Bangsa Indonesia menginginkan orang-orang yang konsisten menegakkan keadilan dan kebenaran, itu pula sudah jelas sesuai tercantum dalam Pancasila serta Undang-Undang Dasar Tahun 1945, namun sampai hari ini bangsa Indonesia masih carut-marut memikirkan instansi penegak hukum yang tidak jelas arah, terutama dan paling utama lembaga kehakiman, kejaksaan, kepolisian yang selama ini paling di junjung tinggi dan di agungkan masyarakat, tetapi hari ini tidak ubah seperti singa yang berbulu domba.
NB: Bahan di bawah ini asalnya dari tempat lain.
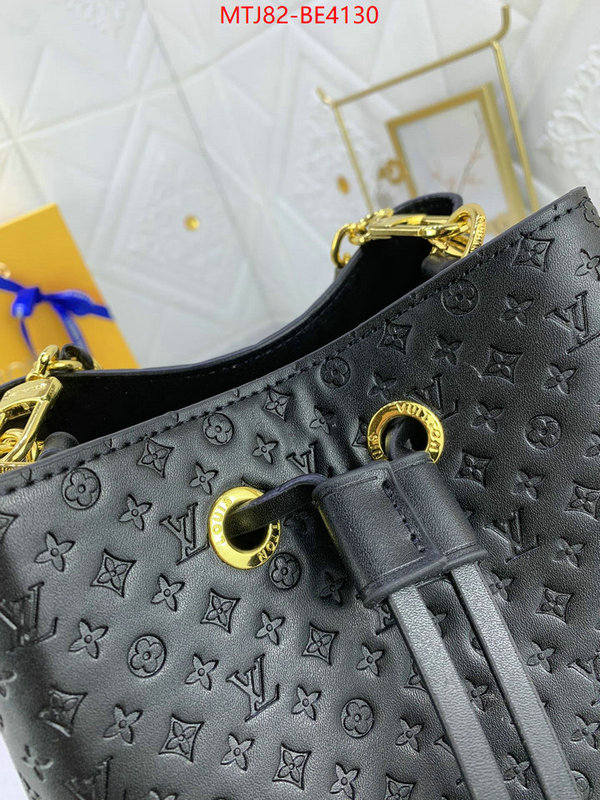 LV Bags(4A)-Nono-No Purse-Nano No-,where can you buy a replica ID: BE4130,$: 82USD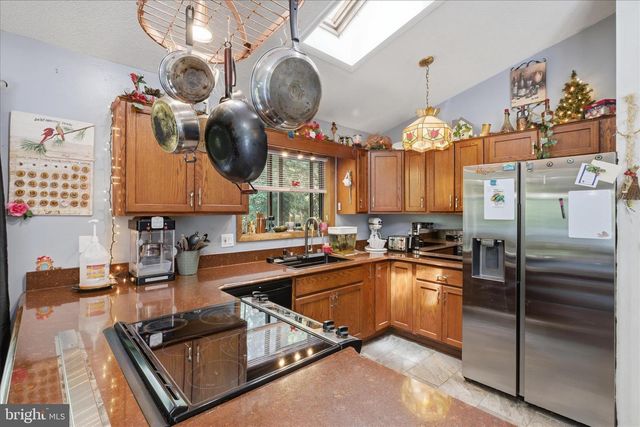 530 TECUMSEH TRL, Hedgesville, WV 25427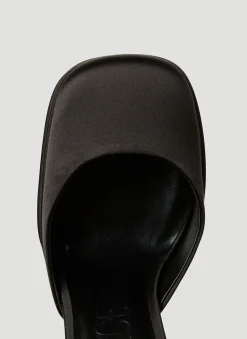 Medusa Aevitas Platforms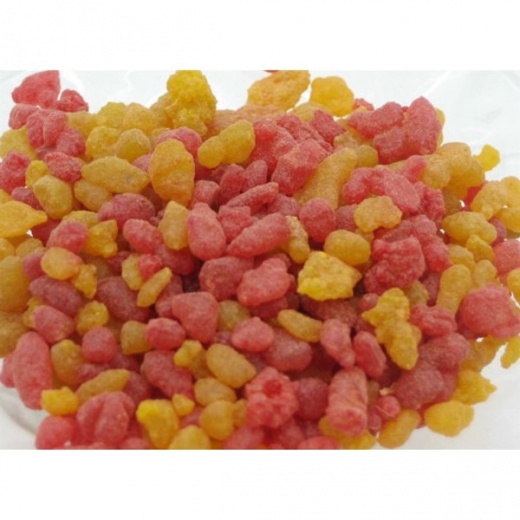 Good Luck Resin Incense (1 Ounce)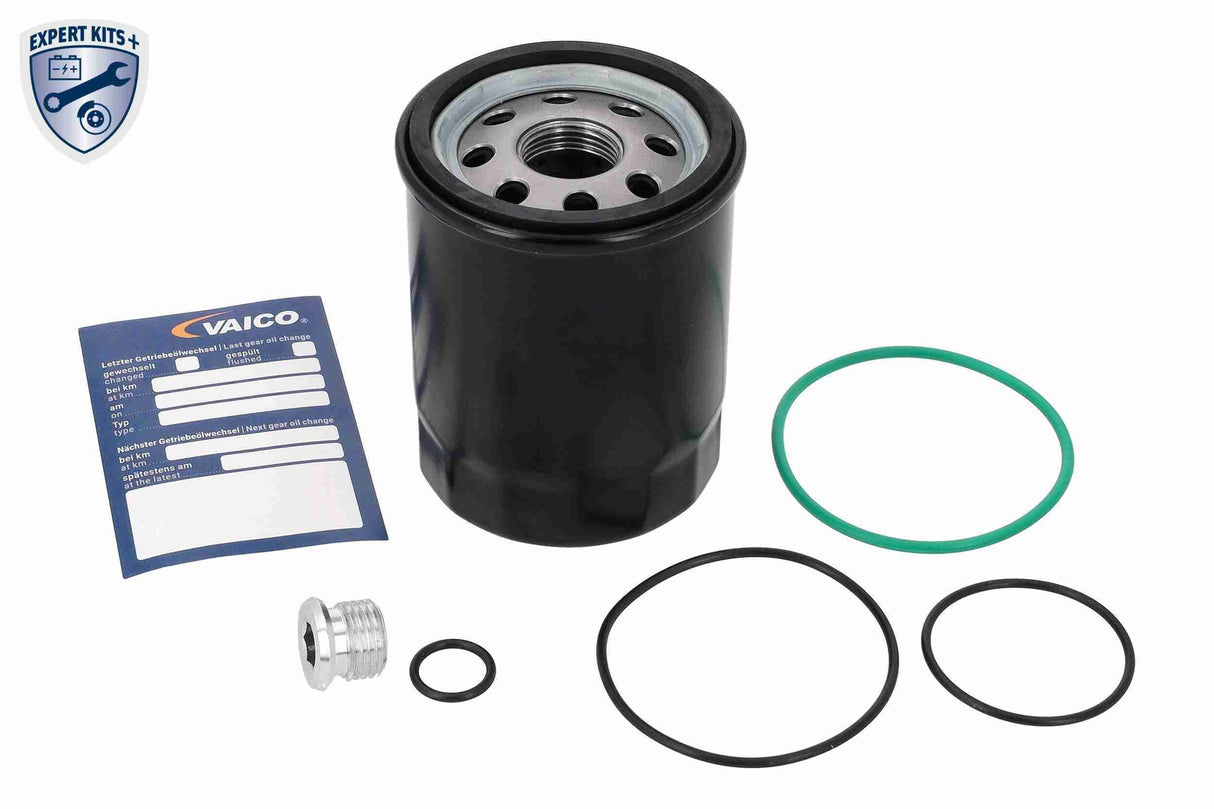 Parts Kit, automatic transmission oil change - V58-0004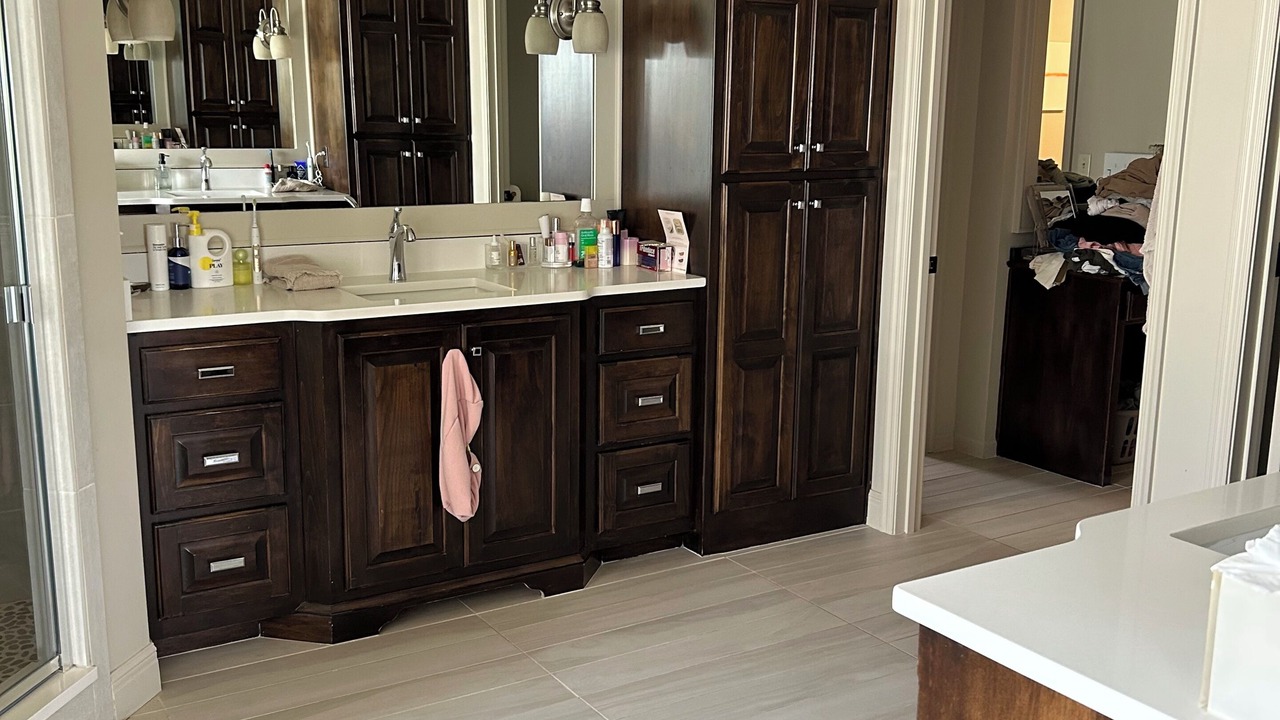 Photo of Bathroom in Bucyrus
Bicara hakim, hukum, dan tindak pidana serta narapidana tidak lain kita kembali kekonsep hak asasi manusia bahwa tersangka, terpidana, dan narapidana apakah mereka-mereka ini dalam hukum pidana tidak ada pengecualian dalam melakukan pertanggungjawaban hukum semisalkan melakukan atau sama sekali tidak melakukan tetapi perbuatan itu sangat kecil atau  ringan? Logika hukum serta argumentasi hukum yang saya pahami dalam kosep hukum pidana pasti ada pengecualian dalam  pertanggungjawaban pidana, sebab tidak mungkin hukum pidana itu menghukum orang gila, anak kecil yang umur 10 atau dibawah sepuluh tahun dan orang sudah lanjut usia semisalkan dia melakukan perbuatan pidana yang  di larang oleh negara, namun itu tidak logis sangat menodai kepastian, rasa keadilan dan persamaan dihadapan hukum.

Pidana, Pemidanaan dan Narapidana
Penggunaan istilah pidana itu sendiri di artikan sebagai sanksi pidana. Untuk pengertian yang sama, sering juga di gunakan istilah-istilah yang lain, yaitu hukuman, penghukuman, pemidanaan, penjatuhan hukuman, pemberian pidana, dan  hukuman  pidana. Menurut  saya, istilah-istilah di atas terlalu spesifikasi karena kata pidana kalau kita maknakan sebenarnya sangat luas. Jadi kata-kata seperti di atas itu lebih cocoknya digunakan ketika seseorang yang melakukan perbuatan pidana atau adanya kepetusan dari pengadilan yang sudah memiliki kekuatan hukum tetap, oleh karena itu dari kata-kata diatas kalau kita samakan dengan perbuatan pidana akan memiliki makna yang rancu. Namun senada juga apa yang ditafsirkan oleh Guru Bersar Hukum Pidana Universitas Gadjah Mada, Profesor Moeljatno, beliau ini memberikan pengertian bahwa pidana adalah menentukan perbuatan-perbuatan mana yang tidak boleh dilakukan atau yang dilarang, menentukan kapan dan dalam hal apa supaya orang tersebut bisa di pidana, dan menentukan dengan cara bagaimana prosesnya orang disangka tersebut.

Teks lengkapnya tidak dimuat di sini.